# Is there a reason why the subset of our Hilbert space that corresponds to a particle is a vector subspace?

I'm trying to gain some intuition behind the definition that states a particle is an irreducible unitary representation of the restricted Poincare group (or more specifically, its double cover).

Let's say I have some Hilbert space of states and a priori no definition of what a particle is. I then decide to define a particle as a subset of the Hilbert space whose elements are indiscernible to an observer under any Poincare transformation he can make. Is there anything that says this subset is a vector space? If I accept that projective Hilbert spaces are the actual thing we are interested in, then it makes sense scalar multiples should also be in the subset. I'm more confused about the closure under addition.

I'm guessing that this probably has to do with the general structure of any quantum theory which states that true-false statements do not correspond to Borel subsets, but to closed linear subspaces. I could further my question by then asking, given that our quantum system's true-false statements don't form a Boolean algebra, what are the experimental facts that force the alternative to use closed linear subspaces.

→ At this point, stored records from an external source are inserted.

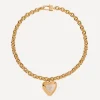 Martha Calvo Necklaces^14ct Gold-Plated Amor Pave Pendant Necklace
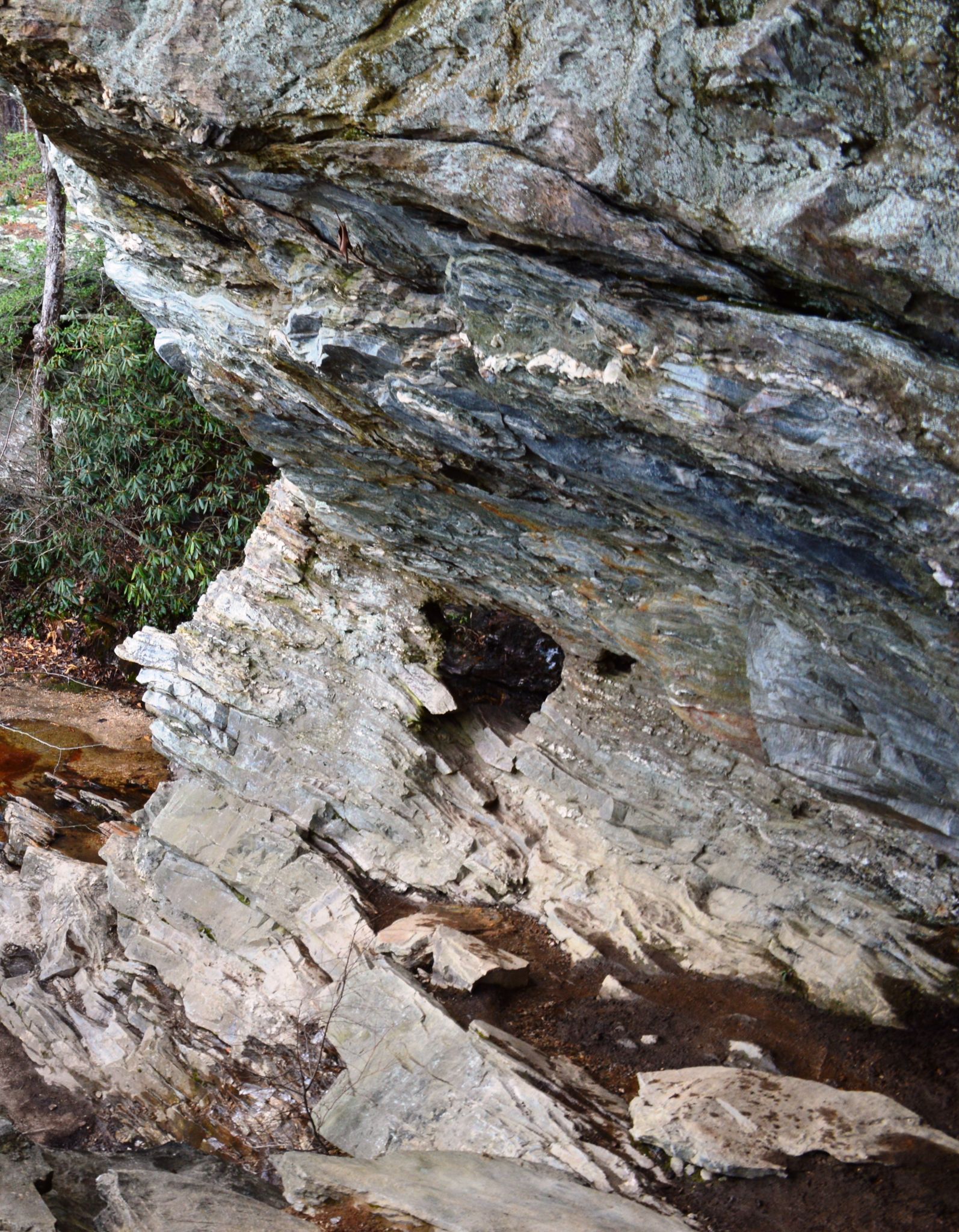 Fall Hidden Rocks Hidden Falls & Window Falls, Hanging Rock State Park » Carolina ...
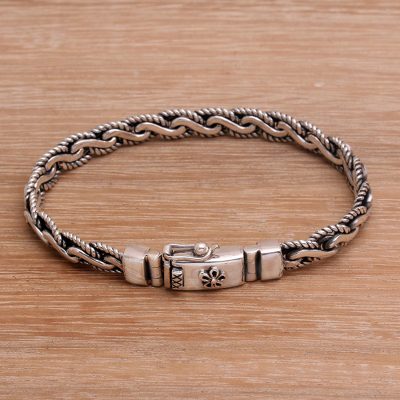 Sterling silver chain bracelet, True Unity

• Two comments, first: Generalized probability theories usually work with cones and convex structures. I somehow feel that maybe this implies your question has an answer in the probabilistic structure of quantum theory. Second: You might not have to take close linear subspaces. There is something called the topos approach (not very developed yet - especially no relativistic theory), which does not make use of any Hilbert space structure. The pure states are some clopen set in some presheaf over contexts, if I recall correctly... – Martin Jan 29 '15 at 0:29

I think you can understand the statement if you consider a more general formulation of a quantum system, and states, in terms of $C^*$-algebras.
Given a $C^*$-algebra (e.g. the group algebra of the Poincaré group), then you can construct a $*$-representation of it in some Hilbert space by the Gelfand-Naimark-Segal construction (actually there is a $*$-isomorphism between any $C^*$ algebra and an algebra of bounded operators on a Hilbert space).
The quantum states are defined as the positive linear functionals of norm one on the $C^*$-algebra. Since there is also a $1-1$ correspondence between the non-degenerate $*$-representations of the $C^*$ group algebra (of a locally compact group) and the strongly continuous unitary representations of the group itself, you see that the linear functionals of the $C^*$ Poincaré algebra correspond to the states of any irreducible representation of the Poincaré group.
The structure of the space of states is inherited from the structure of the $C^*$-algebra since it is a subset of the topological dual (you can consider many topologies on it, and it is a convex set). In particular, the structure of vector space is naturally defined, but only the convex sum of two states is again a state, because of the norm one condition.
I think that Wigner's kinematic definition of particles is strongly inspired by the results of representation theory of the special Poincaré group $P=SL(2,\mathbb C)\ltimes\mathbb R^4$. It turns out that this group is of type I, and therefore every representation of $P$ decomposes in a direct sum/integral of irreducible representations. This is generally true for compact groups (see Peter-Weyl theorem), but fails in general for non-compact groups, and $P$ is known to be locally compact, non-compact. Therefore one can restrict the analysis of the representations of $P$ to just the irreducible ones. By Schur's lemma, the centre of such representations contains only multiples of the identity. Examples of such operators are the Casimir operators $p^\mu p_\mu$ and $W_\mu W^\mu$, where $p^\mu$ is the 4-momentum operator and $W^\mu$ is the Pauli-Lubanski pseudovector. Since they commute with everything in the representation, and they are self-adjoint, there are real numbers $m$ and $j$ such that $p_\mu p^\mu = m^2I$ and $W_\mu W^\mu = j^2I$. These two numbers have been interpreted by Wigner as the mass of a particle and its spin (here the definition of particle is purely kinematic, in the sense the even a state of bounded particles, like an atom, is considered a particle).
Given now a generic representation of the group $P$ on some Hilbert space $H$, one has a decomposition of $H$ into invariant subspaces (because $P$ is of type I), which can be indexed by pairs $(m,j)$ and a possible multiplicity, and it seems quite natural to interpret each of these subspaces as those associated to states of particles with mass $m$ and spin $j$.